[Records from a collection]

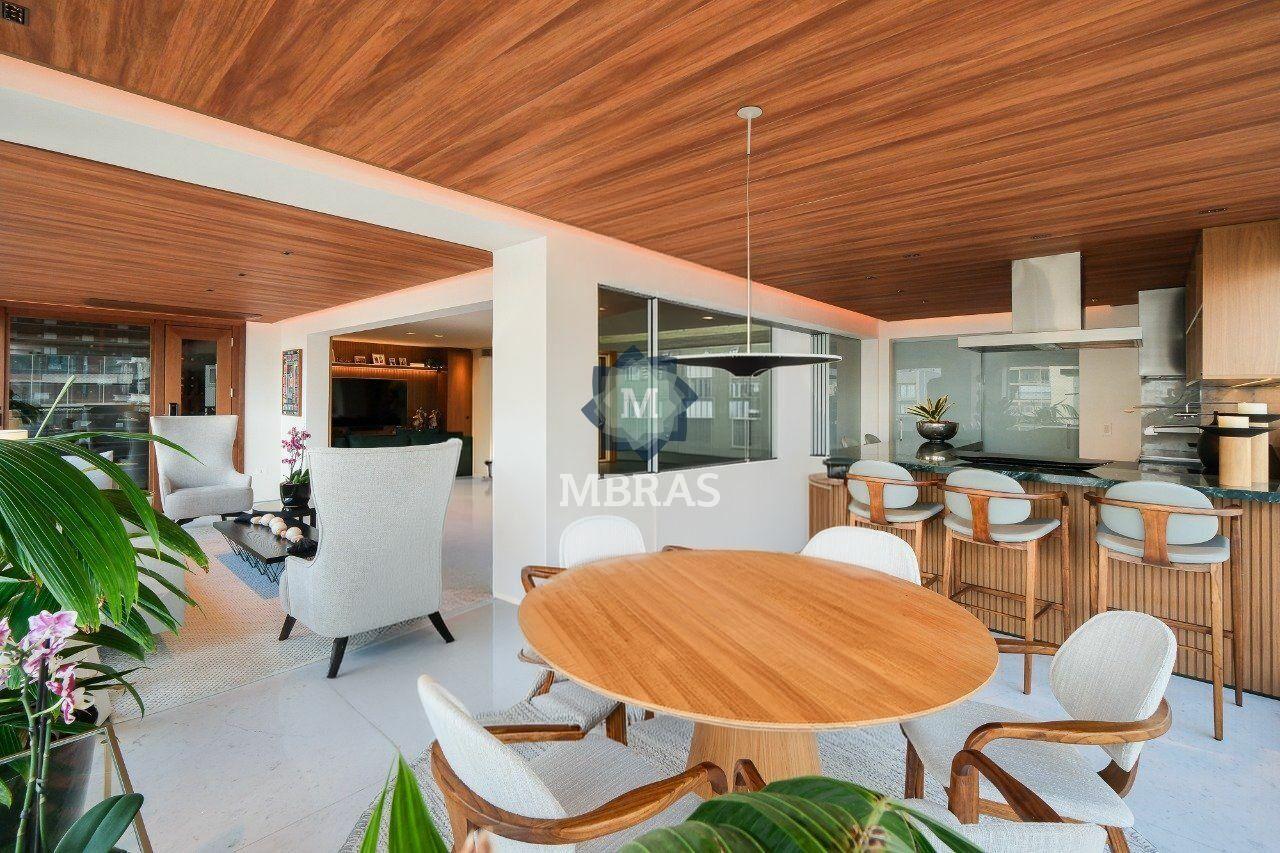 Apartamento 298m² - 4 suites - 5 vagas  - mobiliado - Vila Nova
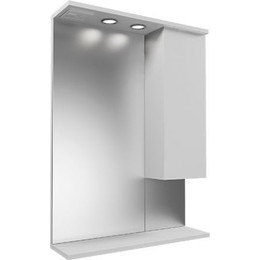 Зеркало-шкаф Mirsant Next 60 см R - фото 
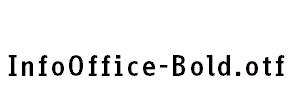 InfoOffice-Bold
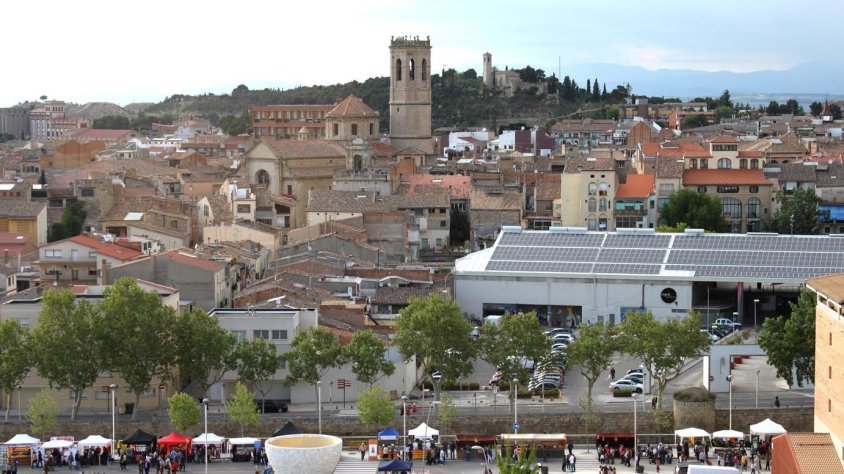 Vista general de la ciutat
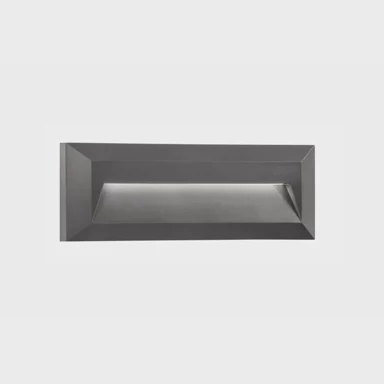 Vanjska zidna svjetiljka Pulsar, LED, 2W, 3000 K, 365,14 lm, IP54, NL811502, tamno siva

- [Exercise prompt]
Reproduce exactly, without any picture, the lines from the one bearing "Зеркало-шкаф Mirsant Next 60 см R - фото" to the last line of the records above.

- [Response]
 Зеркало-шкаф Mirsant Next 60 см R - фото 
 InfoOffice-Bold
 Vista general de la ciutat
 Vanjska zidna svjetiljka Pulsar, LED, 2W, 3000 K, 365,14 lm, IP54, NL811502, tamno siva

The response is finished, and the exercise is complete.